Nonetheless, Kaplan-Meier analysis showed that overall survival was greatly reduced in patients with prostate cancer with high levels of both E2F8 and AR expression, compared with those with low levels of both genes (HR=4.33, P=0.0019; Fig. 5B). Similar results were obtained from patients with prostate cancer with high levels of both MELK and AR expression, compared with those with low levels of both genes (HR=3.3, P=0.0041; Fig. 5D). Altogether, these results suggest that the MELK-E2F8 axis and AR signaling act independently, but their additive effects worsen the clinical outcomes of prostate cancer. Hence. simultaneous inhibition of E2F8 and AR could be a promising therapeutic strategy for patients with prostate cancer with concurrent overexpression of these molecules.

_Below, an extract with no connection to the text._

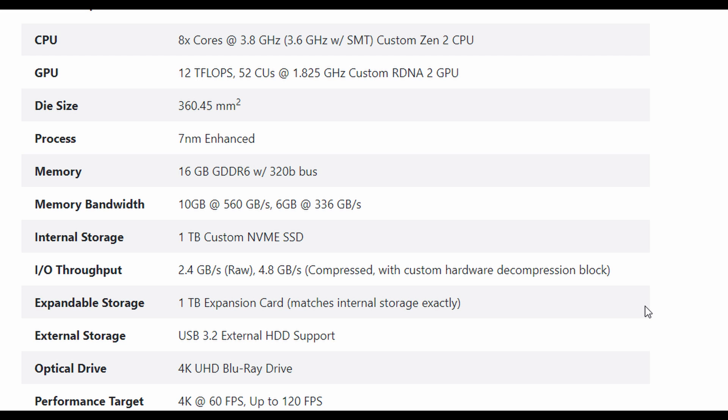Let's start with the CPU. We have an 8-core custom Zen 2 processor running at 3.8 gigahertz at 8 cores. When running with multi-threading — basically up to 16 threads — it runs at 3.6 gigahertz. A 200 megahertz drop is not bad at all; that's probably for heat and stability. So we know we're going to get a powerful processor out of this.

To investigate the translatability of the findings, LNCaP cells (AR-positive, AR-V7-negative cells) were treated with siE2F8 and the AR antagonist MDV3100. The treatment with siE2F8 increased the sensitivity of prostate cancer cells to MDV3100 (Fig. 5E), suggesting a potential therapeutic strategy for improving the efficacy anti-androgen therapy. In addition, siE2F8 had a similar effect as siMELK in enhancing the efficacy of MDV3100 (Fig. 5F). Finally, the ISMARA algorithm showed that E2F8 activity is markedly higher in patients with SD than in those with CR (Fig. 5G), suggesting that E2F8 is a predictive marker for therapeutic response in patients with prostate cancer.